Task to carry out: Return verbatim the lines that run from the one holding "চাচার কথা ফেলা" to the end of the listing, both ends included, without the pictures.

Recorded data:
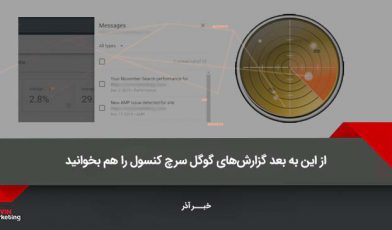 گزارشهای گوگل سرچ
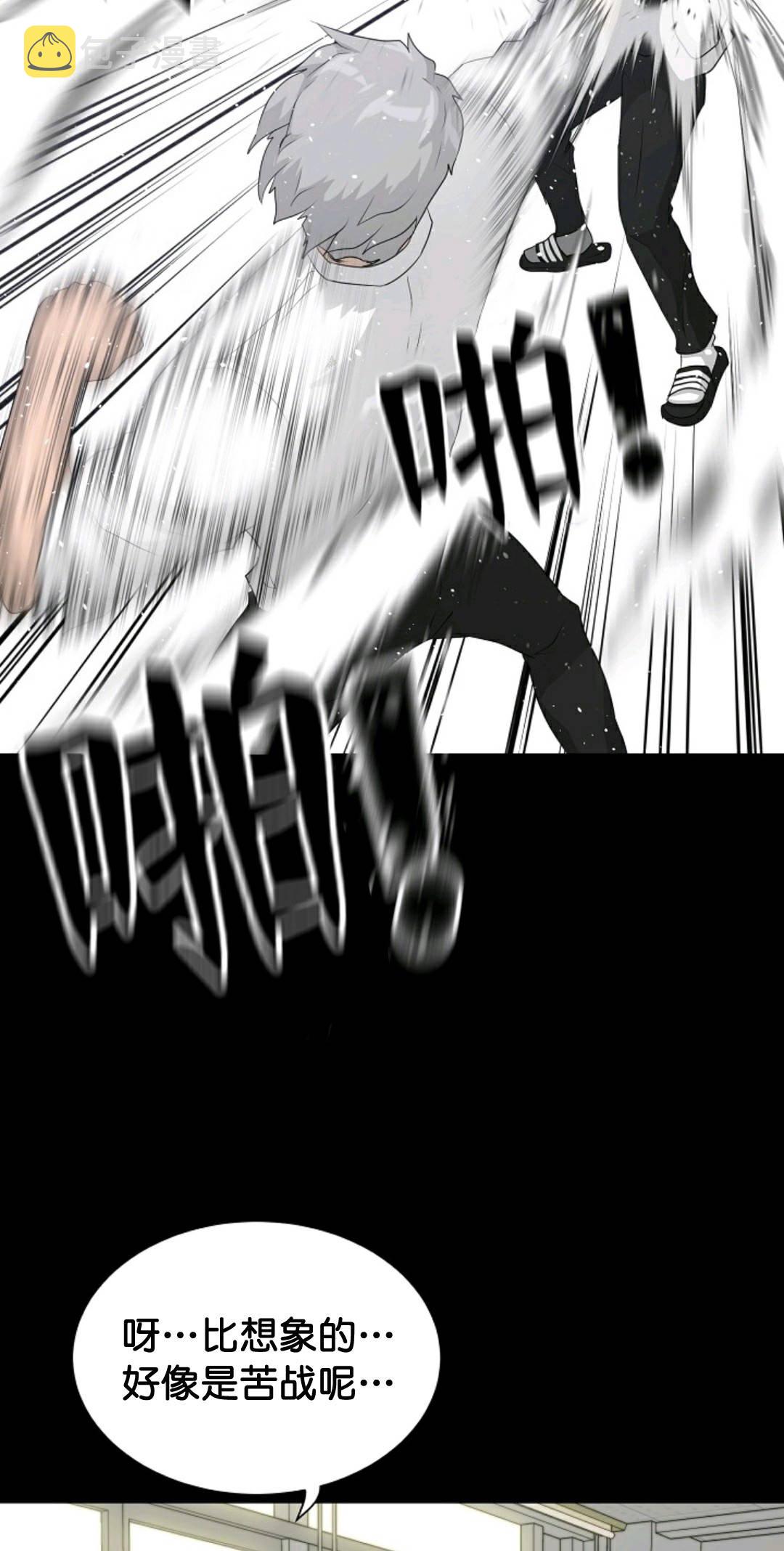 第33话34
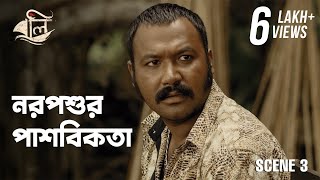 চাচার কথা ফেলা যাবে না...| Boli (বলি) | Scene 7 | hoichoi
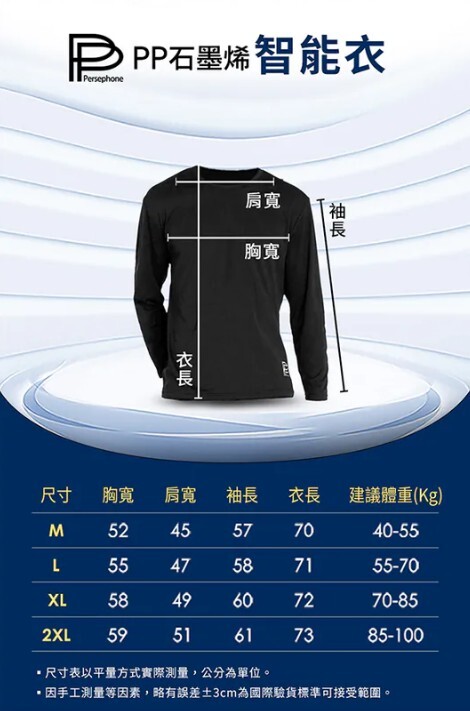 (關鍵字:B)PP石墨烯 長袖智能衣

Final answer:
 চাচার কথা ফেলা যাবে না...| Boli (বলি) | Scene 7 | hoichoi
 (關鍵字:B)PP石墨烯 長袖智能衣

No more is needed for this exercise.